Немногословный А.Н. Косыгин спросил в свою очередь:
— А вы?
— Я этого не понимаю.
— Вот тогда пойди и скажи обо всём генеральному.
При разговоре с Л.И. Брежневым я высказал ему свои сомнения. Брежнев долго не отвечал, а потом, глядя в сторону, проговорил:
— Ну, а что делать? Андропов говорит, что они вредят. Народ будоражат.
На этом наш разговор и закончился.
Е. Чазов:
— Много пишут о разгроме им диссидентского движения в стране. И опять в некоторых высказываниях звучит стремление приуменьшить роль Андропова в этой борьбе, создать впечатление, что он действовал под чьим-то давлением. Как-то на моё замечание — не придаётся ли слишком большое значение выступлениям небольшой группы диссидентов, оторванных от широких масс, которые в большинстве равнодушны к ним, и не создаётся ли преследованиями и отказом в выезде определённый ореол мученичества и славы вокруг них, он отреагировал достаточно остро. Видимо, у него это наболело.
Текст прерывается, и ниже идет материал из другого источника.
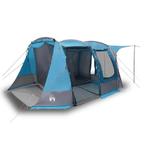 Waterdichte Autotent - Blauw | Retourdeal | Bespaar 40%, Auto diversen, Ophalen of Verzenden, Nieuw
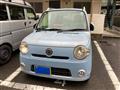 2009 Daihatsu MIRA COCOA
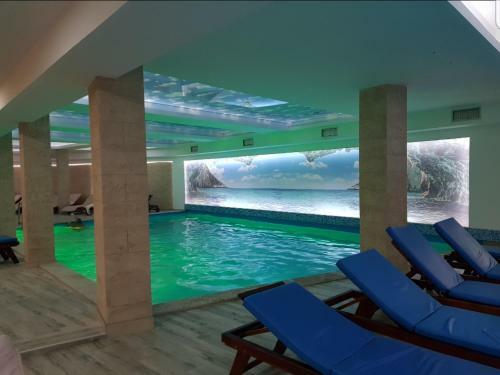 Milmari Relax Apartment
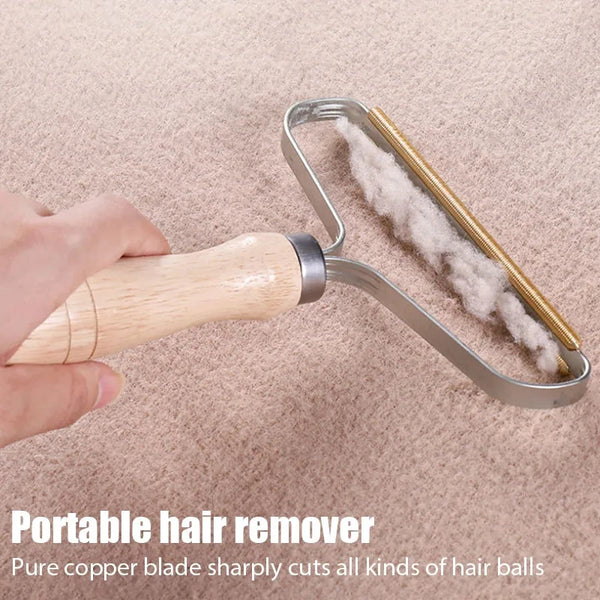 Pet Hair Remover Portable Tool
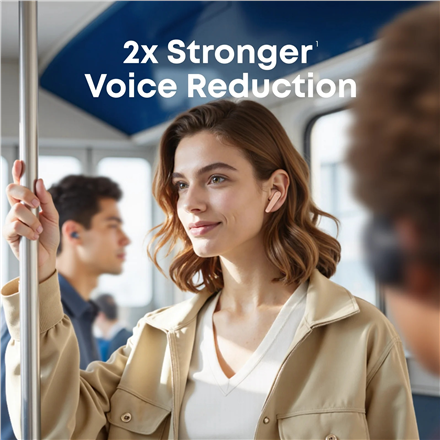 Anker Soundcore Earbuds with Dolby Audio Liberty 5 Bluetooth In-Ear – 2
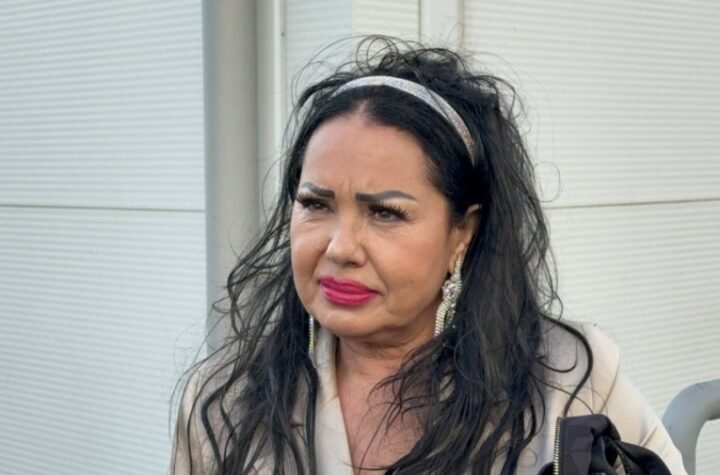 Zlata Petrović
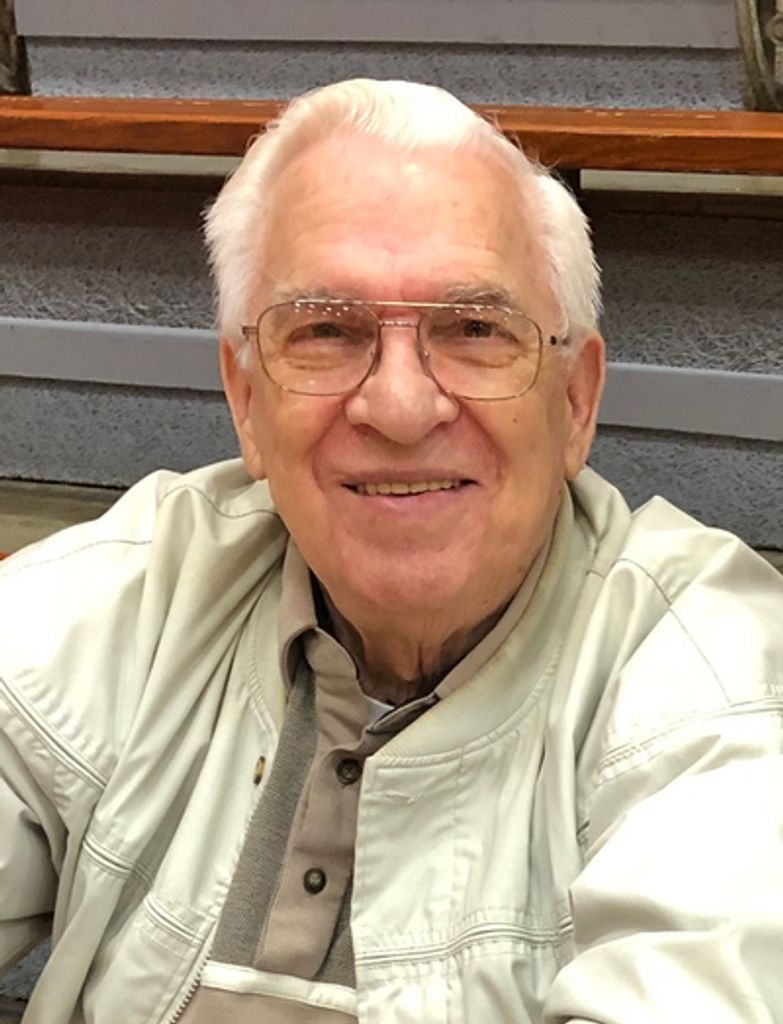 Edward Bruchak Profile Photo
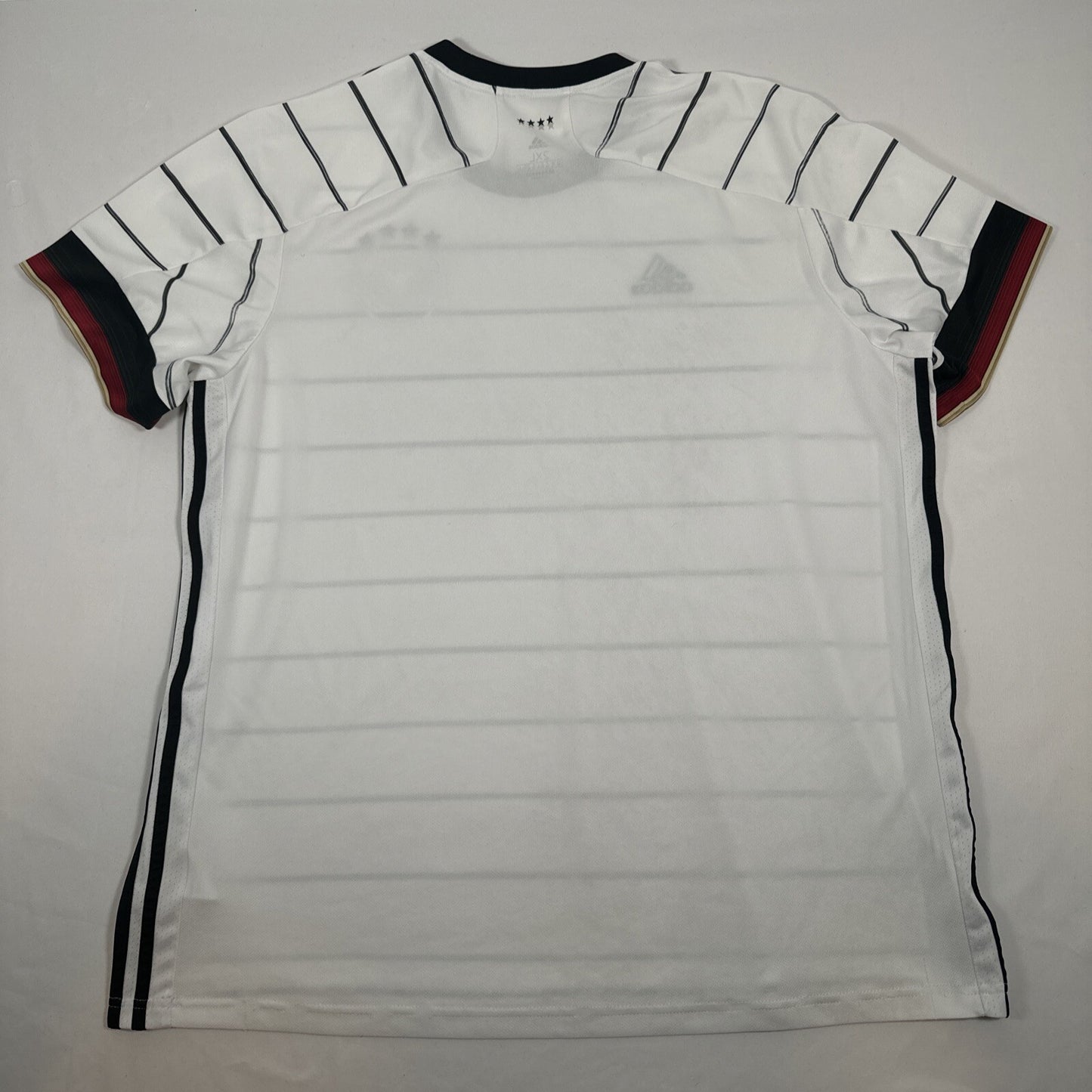germany 2020 2021 2022 home football shirt 2xl xxl3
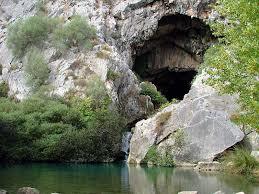 Cueva de El Gato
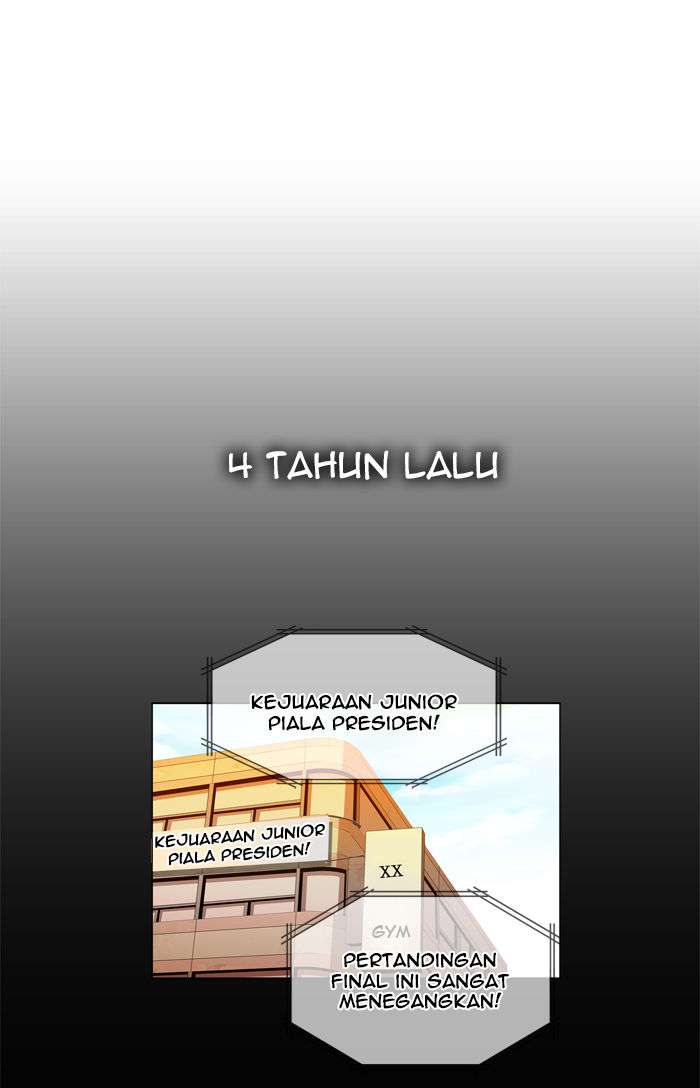 The God of High School Chapter 92 - halaman 42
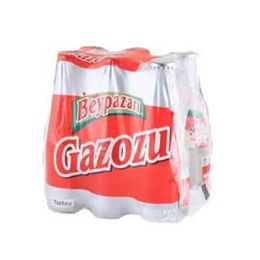 Beypazarı 6x200 ml Gazoz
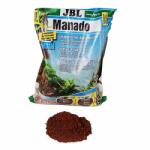 JBL Manado növénytalaj 1, 5 liter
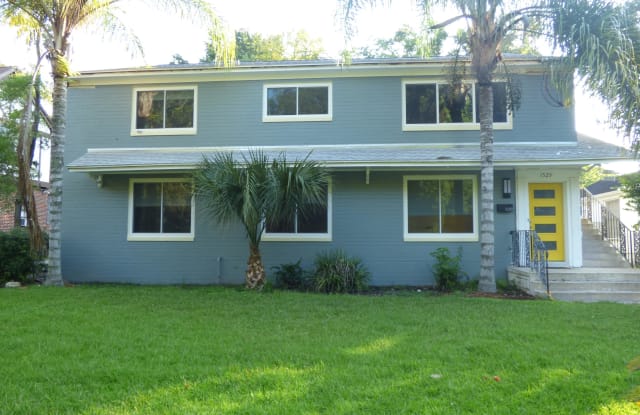 1529 AZALEA TER - 1529 Azalea Terrace, Jacksonville, FL 32205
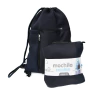 Mochila Cordón Negra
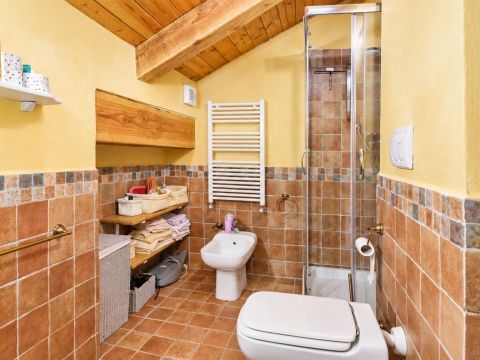 Via Cianfuran - Bardonecchia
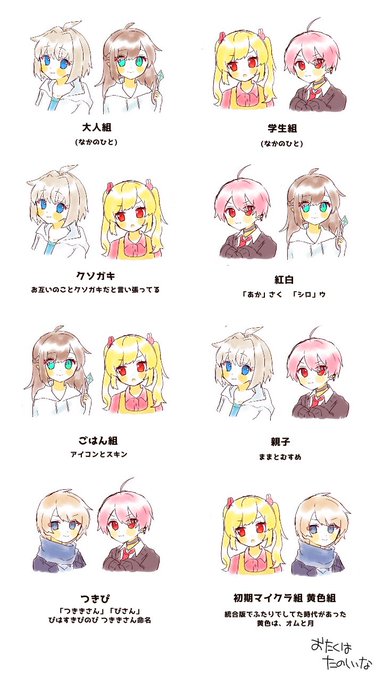 赤咲ゆうな Youwo Yuna As39の漫画作品一覧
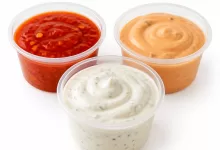 SAUCES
«Вы не понимаете, что расшатать любой строй, особенно там, где полно скрытых пружин для недовольства, когда тлеет национализм, очень легко. Диссиденты — это враги нашего строя, только прикрывающиеся демагогией. Печатное слово — это ведь оружие, причём сильное оружие, которое может разрушать. И нам надо защищаться». Я нередко слышал от него эту фразу: «Революция, которая не может защищаться, погибнет». И он сознательно боролся с диссидентским движением.
Д. Язов:
— Андропов понимал прекрасно, что понятие «враг народа» раздражает общественность, куда более благозвучно звучит «диссидент». Не разобрать: то ли это осуждение, то ли награда, признание заслуг перед другим государством. Вот почему на закате хрущёвской эпохи, когда формировался политический сленг брежневского времени, и укоренилось слово «диссидент».
Сегодня диссиденты «от Андропова» почти все при регалиях, должностях, а кое-кто из них обороняет смятые перестройкой рубежи марксизма.
Поразительно: больше всех пострадали и сегодня не востребованы те, кто остался в стране. Это известные русские писатели, публицисты, философы. И здесь, как мне кажется, необходимо вернуться к так называемому делу «русистов», ибо из «дела писателей» будущим политикам предстоит черпать нравственные ориентиры. Поможет сей экскурс в «дело писателей» взглянуть иными глазами и на фигуру Андропова.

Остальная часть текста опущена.